-- EXERCISE OBJECTIVE --
When the line containing "Nowoczesne sypialnie aranżacje" is found in the data below, copy it and each line after it through the line containing "simsearch:700-00072003,k - Close-Up", exactly and with no others.

-- ENTRIES SUPPLIED --

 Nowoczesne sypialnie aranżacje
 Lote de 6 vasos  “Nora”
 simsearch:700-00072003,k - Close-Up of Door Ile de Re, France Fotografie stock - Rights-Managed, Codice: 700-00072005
...
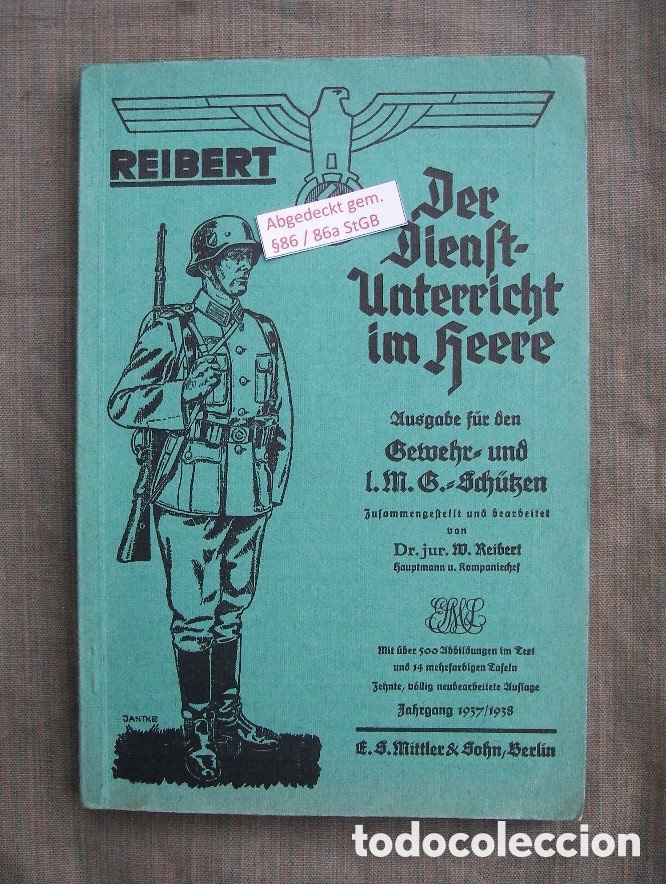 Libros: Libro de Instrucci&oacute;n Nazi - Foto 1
...
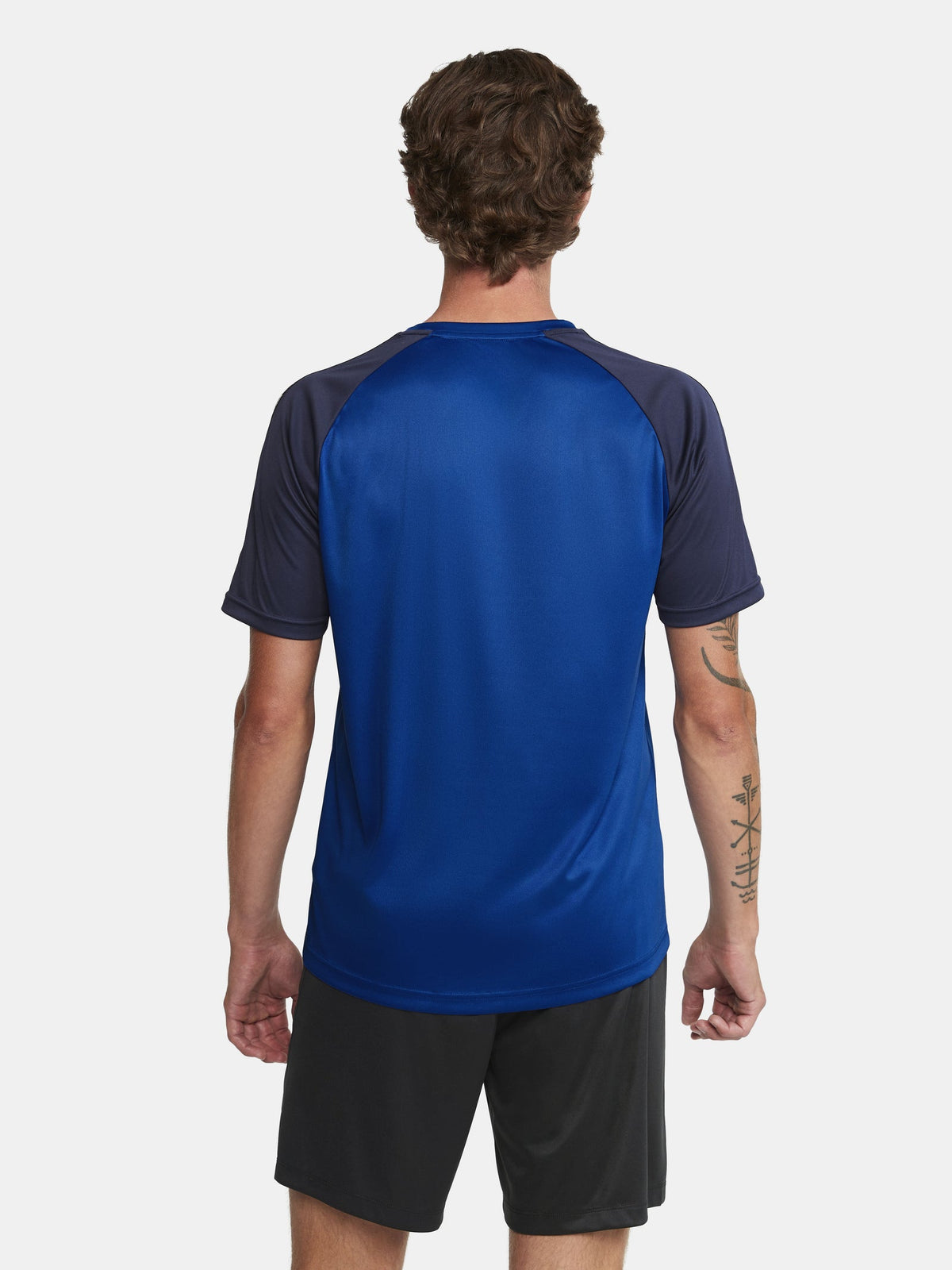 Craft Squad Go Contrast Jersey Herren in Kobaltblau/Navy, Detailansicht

-- TASK SOLUTION --
 Nowoczesne sypialnie aranżacje
 Lote de 6 vasos  “Nora”
 simsearch:700-00072003,k - Close-Up of Door Ile de Re, France Fotografie stock - Rights-Managed, Codice: 700-00072005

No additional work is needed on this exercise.